Gerald B. GardnerPhoto to Left: Freemason, and founder of modern Wiccan witch revival, Gerald Gardner.

Gerald Brosseau Gardner (June 13, 1884 - February 12, 1964) was a Freemason, an English hereditary Witch and largely responsible for reviving Witchcraft in the modern Western world. Gardner claimed to trace his roots to a Witch named Grissell Gardner who had been burned at the stake in 1610 at Newburgh.

Gardner suffered severely with asthma from an early age and required a nurse to attend to his needs. Nurse Josephine "Com" McCombie brought along young Gardner on her various trips to Europe and Ceylon, where he worked on a tea plantation. Gerald later worked and traveled to Borneo and Malaysia. In Ceylon between 1905 - 1908, Gardner became a Freemason, Sphinx Lodge 113, I.C., Colombo.
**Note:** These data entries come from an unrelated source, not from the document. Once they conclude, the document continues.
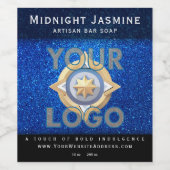 Gold Glitter Professional Makers Product Labels Wijn Etiket (Enkel label)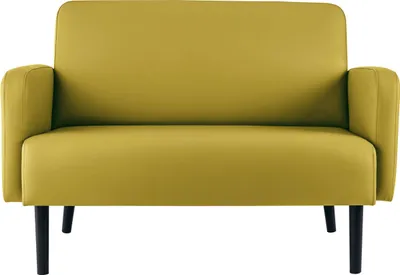 Produktbild von Paperflow Sofa LISBOA LC3PC.01.08 3Sitzer Kunstleder sw/gn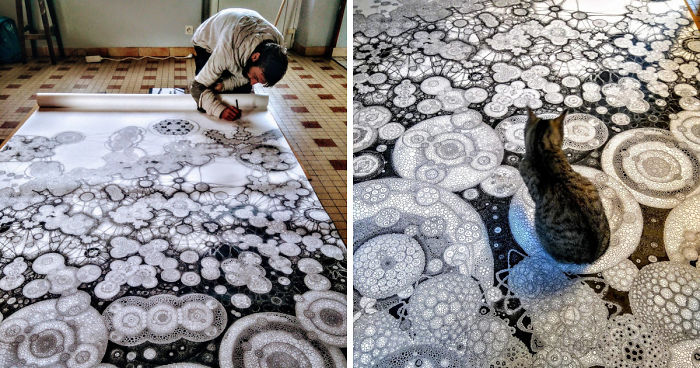 Intricate Drawings That I Create On Any Kind Of Surface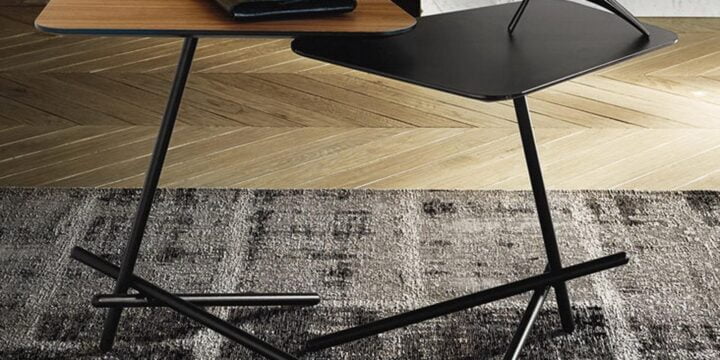 Laser - triangular veneer coffee table | Cattelan Italia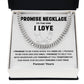 Promise Necklace Message Card Gift for Boyfriend or Girlfriend.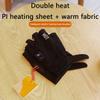 NURCOIOX Fingerless Heated Gloves with Screen Display Winter Office Working Hand Warmer Gloves 3 Temperature Half-Finger Electric Heated Glove Rechargeable Laptop Typing Writing Thermo Gloves-2000mAh view 4
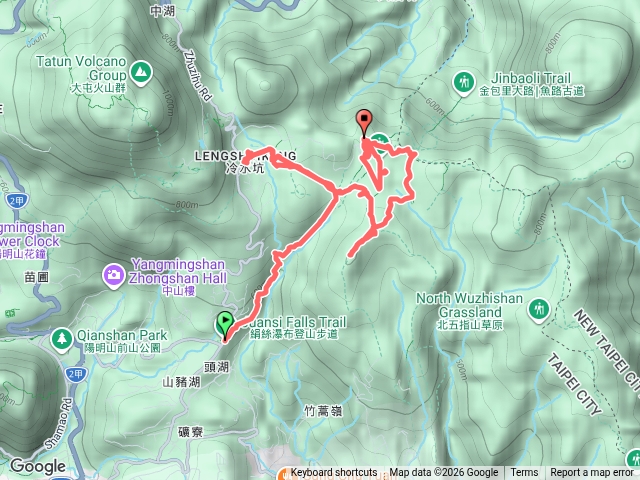 涓絲瀑布冷水坑擎天崗環形步道竹篙山擎天崗
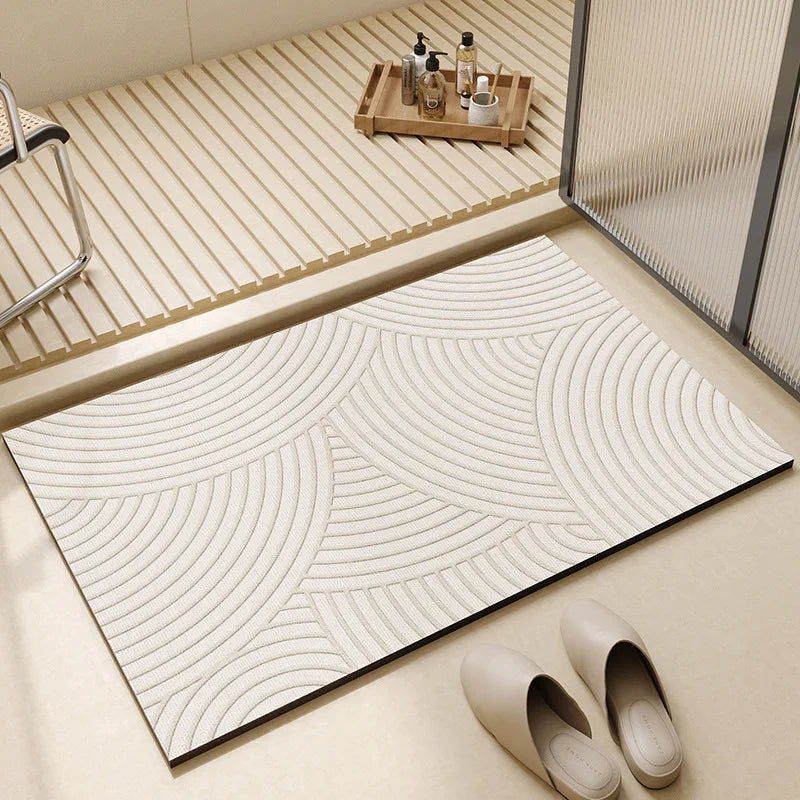 Soft Minimalist Quick-Dry Non-Slip Super Absorbent Bath Mat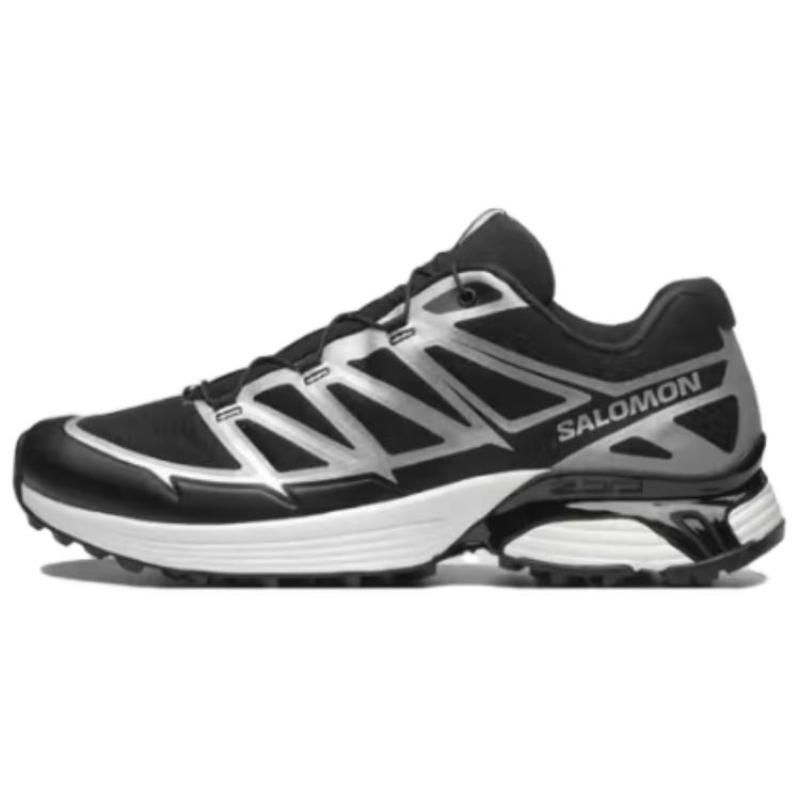 SALOMON XT Pathway Cushioning Coverage Support Abrasion Resistant Low Top Casual Shoes Unisex Black Silver Sneakers 476872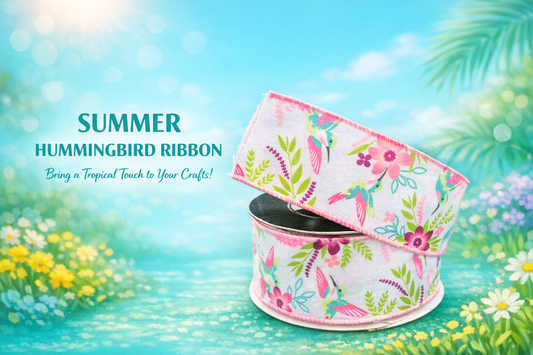 2.5" Hummingbird and Flowers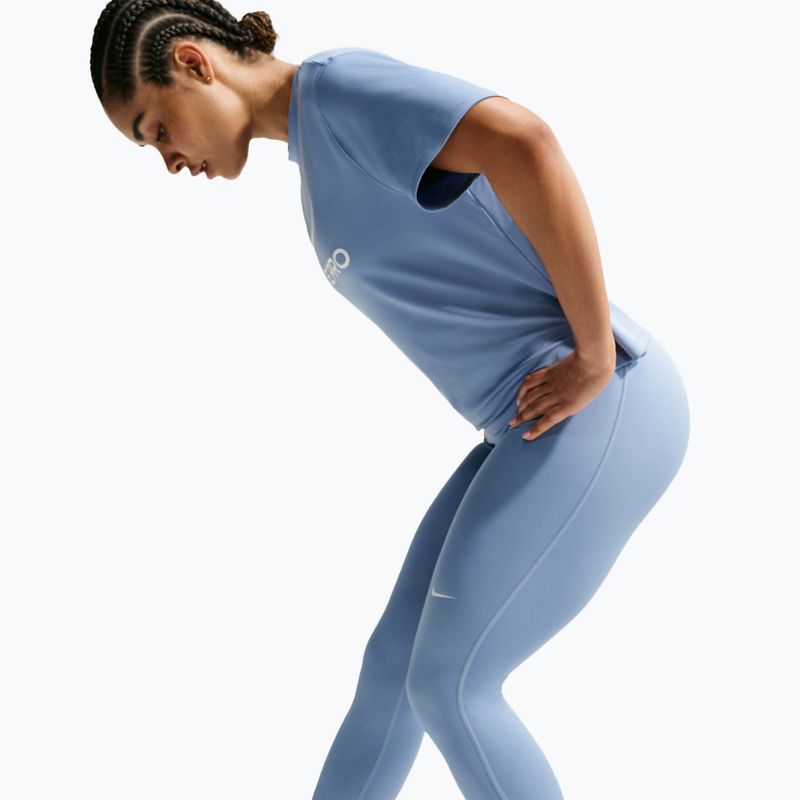 Women's leggings Nike Pro work blue/white 5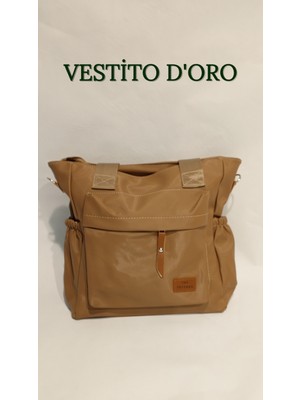 Multi Fonksiyonel Kanvas/kumaş Tote Çanta - Vestito D'oro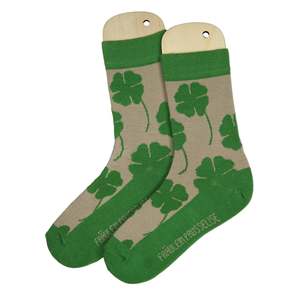 Stocking Fillers: Organic Crew Socks - Clovers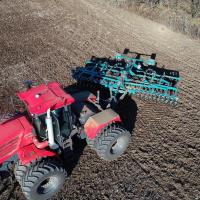 Борона дисковая мульчирующая полуприцепная складная Д-1100ПС М2 "Доминанта" прутковый каток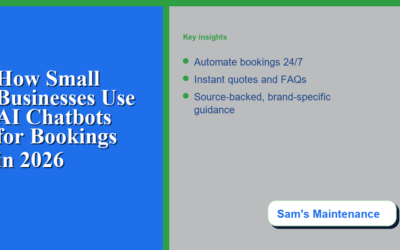 Streamlining Service Operations: How Small Businesses Can Use AI Chatbots for Bookings in 2026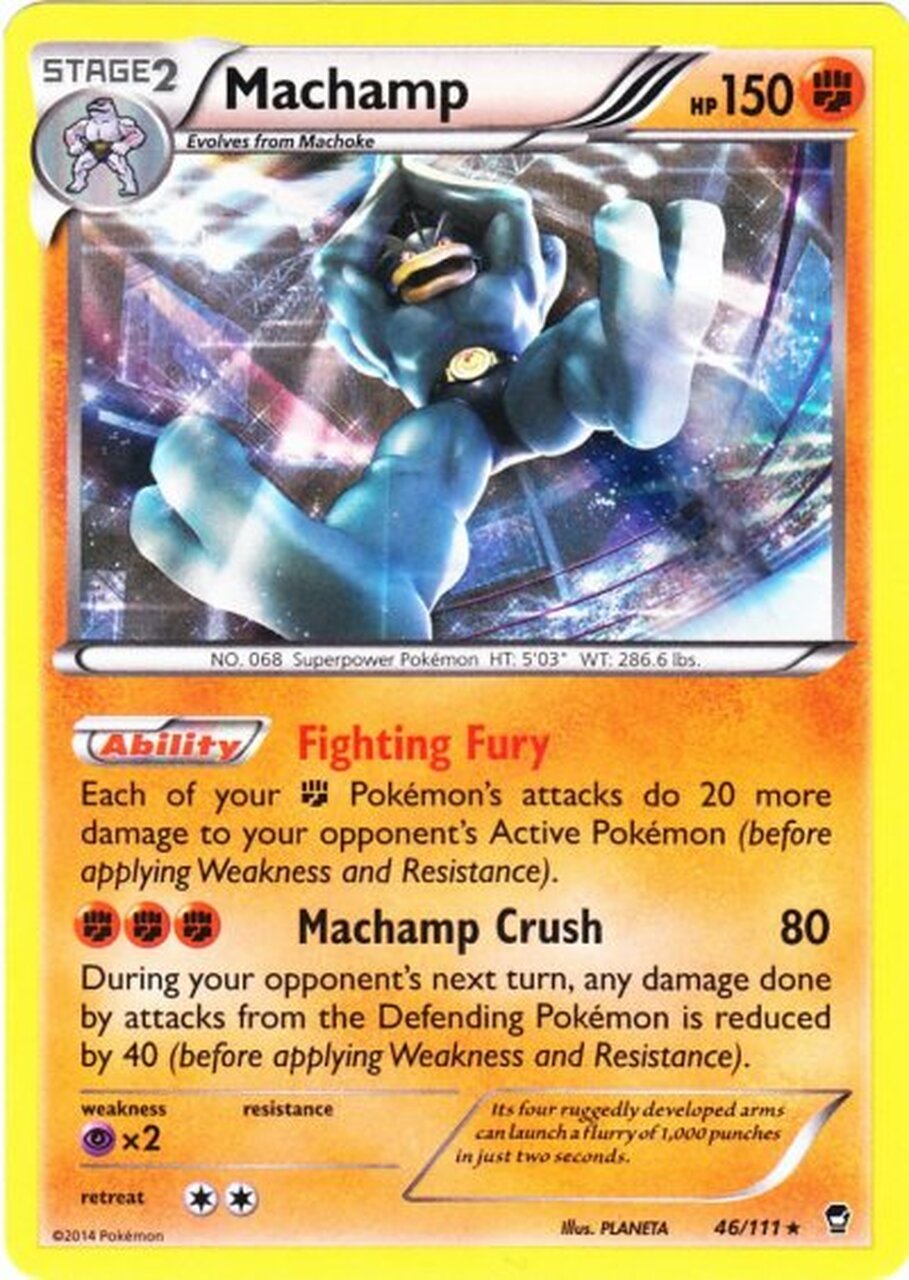 Machamp (46/111) [XY: Furious Fists] | Chromatic Games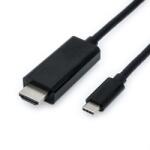 Roline Кабел Roline S3731, от USB Type-C(м) към HDMI(м), 2m, черен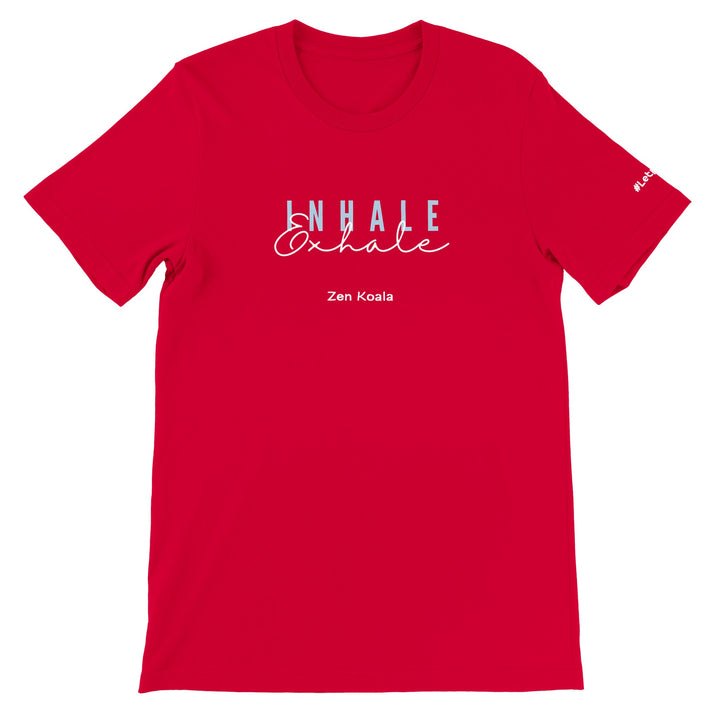 Exhale feel-good tee — Zen Koala Australia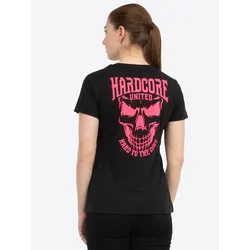 Hardcore United Frauen T-Shirt GIRLY SKULL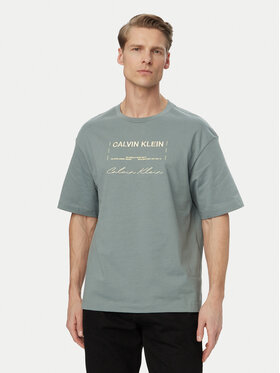 Calvin Klein Jeans Calvin Klein Jeans Marškinėliai LV04RE827G Pilka Regular Fit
Between 1920 and 1923 Gardner studies native lore, magic, and weaponry in Malaysia. In 1926 through to 1932 Gardner takes up amateur Archaeology; proves the existence of a Malaysian civilization predating the coming of the Portuguese in 1687; returns to England and marries Donna Rosedale, a nurse; frequents the British Museum to research Welsh and Basque folklore; encounters a whole host of Spiritualist mediums; and visits an archaeological dig at Gaza in Egypt, prehistoric caves in France, and England.

In England before the Second World War, Gerald was involved with the Fellowship of Crotona - an occult group of Co-Masons - and met people who introduced him into Witchcraft. The Fellowship of Crotona was a secret society within a secret society; the inner circle claimed to be hereditary Witches. In 1939, Gardner was initiated into the New Forest coven by high priestess Old Dorothy Clutterbuck.

It was in 1940 at a large gathering of many covens that a legendary event was to take place:

“In June 1940 when England faced invasion from the Nazis, Gardner claims that the high priestess of his coven called a huge gathering of witches in the New Forest where the Great Circle was erected. This was a magical ritual only performed in cases of extreme emergency. Previously it had only been raised twice, in 1588 to combat the Spanish Armada, which was defeated not only by Drake and his ships but with the help of a great storm, and in the 1800s when it looked as if Napoleon would cross the Channel. The ritual in the forest involved raising a cone of psychic power and directing it towards the French coast with the command, ‘You cannot cross the sea. You cannot cross the sea. You cannot come.’ According to Gardner this ritual involved the use of the life force of the gathered covens and as a result several elderly witches died. The ritual was repeated four times and then the Elders said ‘We must stop. We must not kill too many of our people.’”

By 1951 the last of the English laws against witchcraft were repealed and throughout the 50s into the 60s Gardner published some widely read books on the rituals and traditions of the New Forest covens. This laid out the seeds of what would eventually be known as "Gardnerian Wicca." The resurgence of the "Old Religion" spread like wildfire and continues unabated.

Gardnerian Wicca borrows very heavily from Freemasonry, Tantric Hinduism and a touch of ceremonial magick. Gardnerian covens are always headed by a High Priestess and have three degrees of initiation closely paralleling the Masonic degrees. Worship is centered on The Goddess and The Horned God. Eight seasonal Sabbats are observed, and the Wiccan Rede is the guiding principle.